Buying out the leasehold sounds like a good idea. Is there any formula or benchmark for calculating the cost? I have no idea if it would cost €100's €1,000's or €10,000's. Any idea?


----------



## MOB (9 Feb 2009)

It's small enough money, given that most ground rents or only a few quid per annum.

About 30 times annual rent would be normal.  It varies cyclically with the yield on government securities ( as best I recall the idea is that you pay a capital sum such as would buy government bonds which would yield the equivalent of the ground rent; )


----------



## galleryman (9 Feb 2009)

many thanks


----------



## twofor1 (10 Feb 2009)

galleryman said:


> Thanks MOB,
> 
> Buying out the leasehold sounds like a good idea. Is there any formula or benchmark for calculating the cost? I have no idea if it would cost €100's €1,000's or €10,000's. Any idea?

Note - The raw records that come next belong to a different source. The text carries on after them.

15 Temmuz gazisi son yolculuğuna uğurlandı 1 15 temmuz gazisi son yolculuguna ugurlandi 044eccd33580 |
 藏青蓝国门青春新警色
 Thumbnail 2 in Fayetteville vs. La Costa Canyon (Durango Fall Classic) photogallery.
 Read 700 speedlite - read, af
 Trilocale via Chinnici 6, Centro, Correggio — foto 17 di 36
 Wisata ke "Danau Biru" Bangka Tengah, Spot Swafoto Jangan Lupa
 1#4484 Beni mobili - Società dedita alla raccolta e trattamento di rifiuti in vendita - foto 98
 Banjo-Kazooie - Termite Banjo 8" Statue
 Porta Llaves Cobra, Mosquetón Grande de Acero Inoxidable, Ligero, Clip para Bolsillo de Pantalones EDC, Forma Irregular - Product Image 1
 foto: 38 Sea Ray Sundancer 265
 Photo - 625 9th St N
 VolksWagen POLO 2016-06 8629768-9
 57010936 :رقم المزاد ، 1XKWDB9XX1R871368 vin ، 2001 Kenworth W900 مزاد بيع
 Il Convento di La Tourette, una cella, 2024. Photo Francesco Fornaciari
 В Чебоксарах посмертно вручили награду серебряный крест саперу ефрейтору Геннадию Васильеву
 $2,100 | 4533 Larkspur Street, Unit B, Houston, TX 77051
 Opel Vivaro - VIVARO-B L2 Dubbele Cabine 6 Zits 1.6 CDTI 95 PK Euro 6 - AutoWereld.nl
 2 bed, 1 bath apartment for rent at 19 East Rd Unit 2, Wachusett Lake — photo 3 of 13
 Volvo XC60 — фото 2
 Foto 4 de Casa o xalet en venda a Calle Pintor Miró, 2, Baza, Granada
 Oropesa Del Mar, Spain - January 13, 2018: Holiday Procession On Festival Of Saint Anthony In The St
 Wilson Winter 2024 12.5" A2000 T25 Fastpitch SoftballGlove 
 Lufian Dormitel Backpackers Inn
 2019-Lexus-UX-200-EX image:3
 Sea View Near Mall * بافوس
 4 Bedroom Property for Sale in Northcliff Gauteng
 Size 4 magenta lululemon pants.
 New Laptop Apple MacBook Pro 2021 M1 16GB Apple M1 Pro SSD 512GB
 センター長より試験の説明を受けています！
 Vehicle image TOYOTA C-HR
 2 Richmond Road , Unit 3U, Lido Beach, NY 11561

 I bought mine out for 7.5 times my annual ground rent of €23, so €172.50 plus a fee of €30. Then a further fee of €50 to have the vesting certificate registered in Registery of Deeds. In my case anyway that’s all it cost.

  It was a simple process but lengthy. It took over a year to get the signed consent form from landlord here and in my case there was a head landlord in England who also had to sign the consent.  When everything was sent in it took a further 4/5 months until I received the vesting cert.

  Land Registery were very helpful and approachable.

http://www.landregistry.ie/eng/Grou...nd_Rents_Purchase_Scheme_Explanatory_Leaflet/


----------



## galleryman (10 Feb 2009)

sounds good, thanks for that. I don't really have the time to do all the forms etc so for me it's worth while paying my solicitor to handle this, as long as it's a few hundred € in fees and not a couple of thousand €.   Besides, I still have a mortgage so I presume that I would need my solicitor to take up the title deed from my bank, they won't give it to me directly.


----------